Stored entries
[Start of Attachment]

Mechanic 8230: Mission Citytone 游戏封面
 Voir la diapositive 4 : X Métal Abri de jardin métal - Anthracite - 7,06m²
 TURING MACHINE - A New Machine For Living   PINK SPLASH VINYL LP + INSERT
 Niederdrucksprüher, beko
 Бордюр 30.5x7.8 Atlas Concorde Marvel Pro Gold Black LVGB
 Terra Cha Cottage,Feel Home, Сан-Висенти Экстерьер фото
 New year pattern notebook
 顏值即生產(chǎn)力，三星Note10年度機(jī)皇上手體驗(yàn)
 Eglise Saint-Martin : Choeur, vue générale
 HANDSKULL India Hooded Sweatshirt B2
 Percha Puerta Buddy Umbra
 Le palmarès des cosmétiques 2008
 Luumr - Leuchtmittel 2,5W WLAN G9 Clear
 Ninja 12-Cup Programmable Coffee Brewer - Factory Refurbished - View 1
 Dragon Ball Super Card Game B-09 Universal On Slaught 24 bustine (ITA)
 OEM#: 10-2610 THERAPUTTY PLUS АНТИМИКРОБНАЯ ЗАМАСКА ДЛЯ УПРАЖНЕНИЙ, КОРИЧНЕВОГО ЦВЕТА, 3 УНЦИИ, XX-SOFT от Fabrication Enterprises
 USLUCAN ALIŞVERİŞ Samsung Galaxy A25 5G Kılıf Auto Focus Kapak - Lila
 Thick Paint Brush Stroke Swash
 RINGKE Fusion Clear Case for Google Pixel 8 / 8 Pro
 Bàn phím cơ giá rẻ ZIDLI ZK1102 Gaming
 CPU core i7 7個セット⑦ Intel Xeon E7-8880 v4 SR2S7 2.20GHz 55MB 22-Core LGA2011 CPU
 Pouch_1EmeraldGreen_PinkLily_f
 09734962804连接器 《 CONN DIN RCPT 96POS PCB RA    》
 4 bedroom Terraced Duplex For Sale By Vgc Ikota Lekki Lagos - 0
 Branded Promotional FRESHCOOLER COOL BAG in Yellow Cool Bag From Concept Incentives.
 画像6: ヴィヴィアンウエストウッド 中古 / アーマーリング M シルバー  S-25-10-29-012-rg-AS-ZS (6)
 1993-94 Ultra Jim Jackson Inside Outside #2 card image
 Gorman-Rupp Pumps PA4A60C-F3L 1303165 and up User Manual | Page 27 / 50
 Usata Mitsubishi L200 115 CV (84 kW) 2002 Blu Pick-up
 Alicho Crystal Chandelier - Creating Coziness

[End of Attachment]

■ WORK INSTRUCTIONS:
In the entries above, the lines from the one bearing "Niederdrucksprüher, beko" up to and including the one bearing "1993-94 Ultra Jim" should be transcribed exactly; no other line is wanted.

■ YOUR SOLUTION:
 Niederdrucksprüher, beko
 Бордюр 30.5x7.8 Atlas Concorde Marvel Pro Gold Black LVGB
 Terra Cha Cottage,Feel Home, Сан-Висенти Экстерьер фото
 New year pattern notebook
 顏值即生產(chǎn)力，三星Note10年度機(jī)皇上手體驗(yàn)
 Eglise Saint-Martin : Choeur, vue générale
 HANDSKULL India Hooded Sweatshirt B2
 Percha Puerta Buddy Umbra
 Le palmarès des cosmétiques 2008
 Luumr - Leuchtmittel 2,5W WLAN G9 Clear
 Ninja 12-Cup Programmable Coffee Brewer - Factory Refurbished - View 1
 Dragon Ball Super Card Game B-09 Universal On Slaught 24 bustine (ITA)
 OEM#: 10-2610 THERAPUTTY PLUS АНТИМИКРОБНАЯ ЗАМАСКА ДЛЯ УПРАЖНЕНИЙ, КОРИЧНЕВОГО ЦВЕТА, 3 УНЦИИ, XX-SOFT от Fabrication Enterprises
 USLUCAN ALIŞVERİŞ Samsung Galaxy A25 5G Kılıf Auto Focus Kapak - Lila
 Thick Paint Brush Stroke Swash
 RINGKE Fusion Clear Case for Google Pixel 8 / 8 Pro
 Bàn phím cơ giá rẻ ZIDLI ZK1102 Gaming
 CPU core i7 7個セット⑦ Intel Xeon E7-8880 v4 SR2S7 2.20GHz 55MB 22-Core LGA2011 CPU
 Pouch_1EmeraldGreen_PinkLily_f
 09734962804连接器 《 CONN DIN RCPT 96POS PCB RA    》
 4 bedroom Terraced Duplex For Sale By Vgc Ikota Lekki Lagos - 0
 Branded Promotional FRESHCOOLER COOL BAG in Yellow Cool Bag From Concept Incentives.
 画像6: ヴィヴィアンウエストウッド 中古 / アーマーリング M シルバー  S-25-10-29-012-rg-AS-ZS (6)
 1993-94 Ultra Jim Jackson Inside Outside #2 card image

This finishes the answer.